§ **WHAT TO WORK ON**
Everything from the line with "Red Hot Rod" to the end of the data below, both lines included, should be transcribed exactly; please omit the pictures.

§ **DATASET EXTRACT**

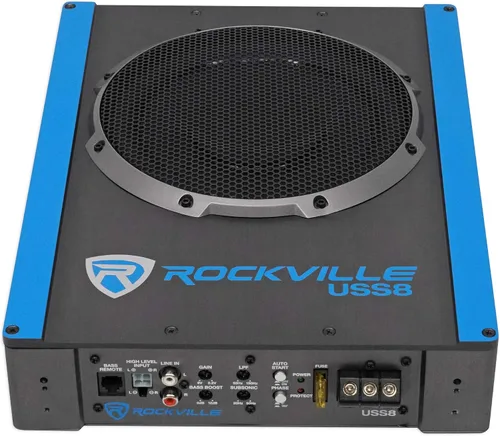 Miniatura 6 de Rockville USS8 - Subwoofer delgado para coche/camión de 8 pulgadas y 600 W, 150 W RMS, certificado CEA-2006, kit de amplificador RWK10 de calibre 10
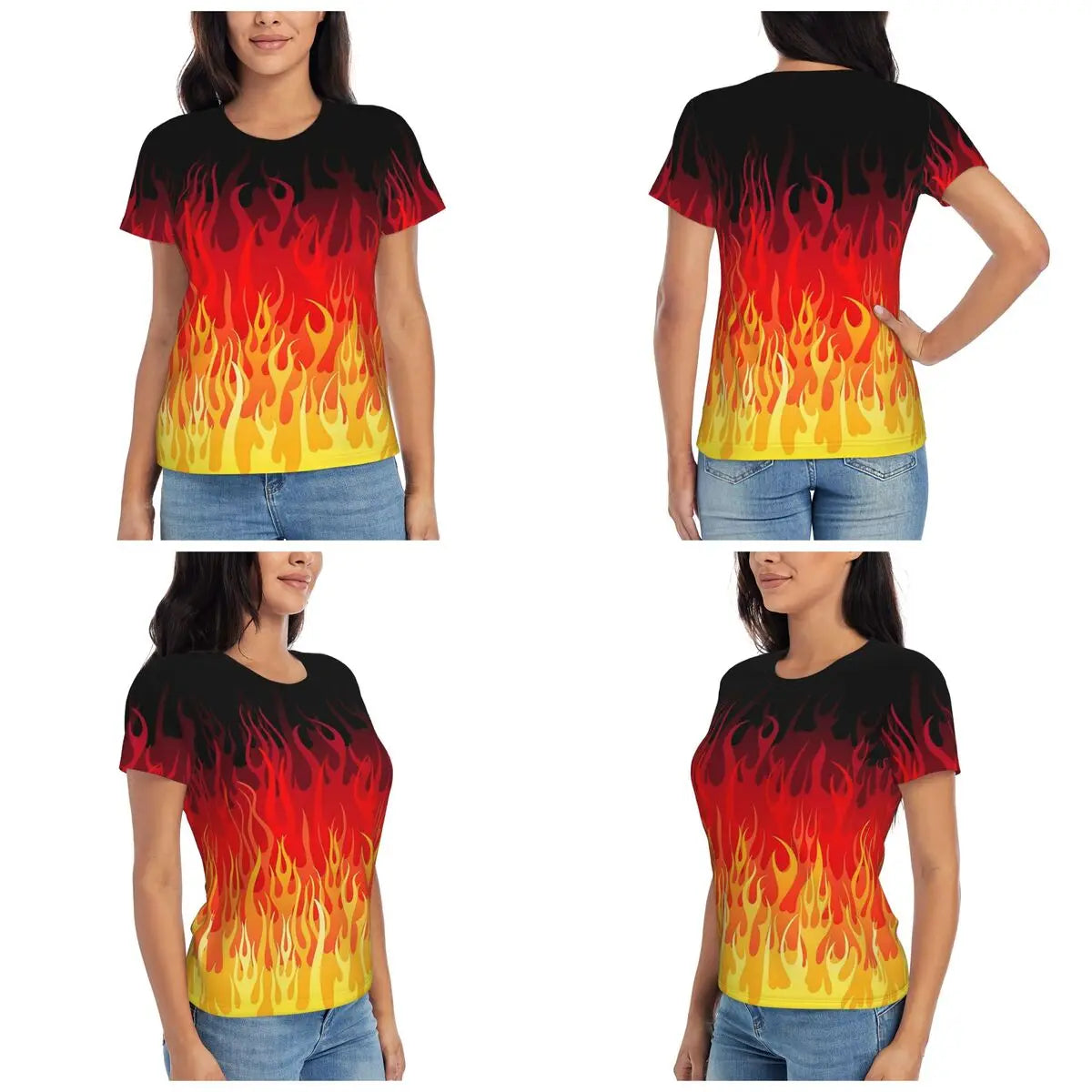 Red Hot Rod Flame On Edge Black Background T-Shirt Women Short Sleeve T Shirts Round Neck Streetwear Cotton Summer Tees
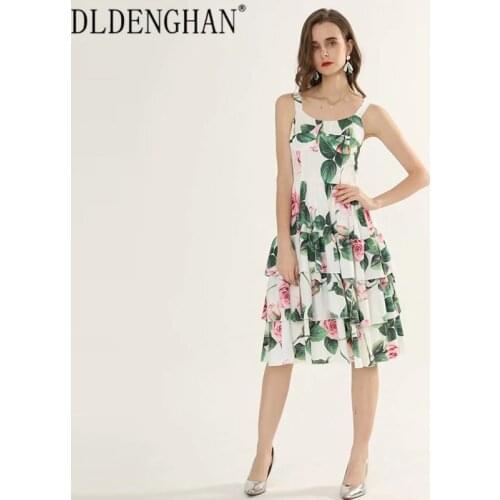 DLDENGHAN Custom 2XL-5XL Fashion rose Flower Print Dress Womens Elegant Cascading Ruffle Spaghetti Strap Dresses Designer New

§ **SOLUTION FOR THIS PROBLEM**
 Red Hot Rod Flame On Edge Black Background T-Shirt Women Short Sleeve T Shirts Round Neck Streetwear Cotton Summer Tees
 DLDENGHAN Custom 2XL-5XL Fashion rose Flower Print Dress Womens Elegant Cascading Ruffle Spaghetti Strap Dresses Designer New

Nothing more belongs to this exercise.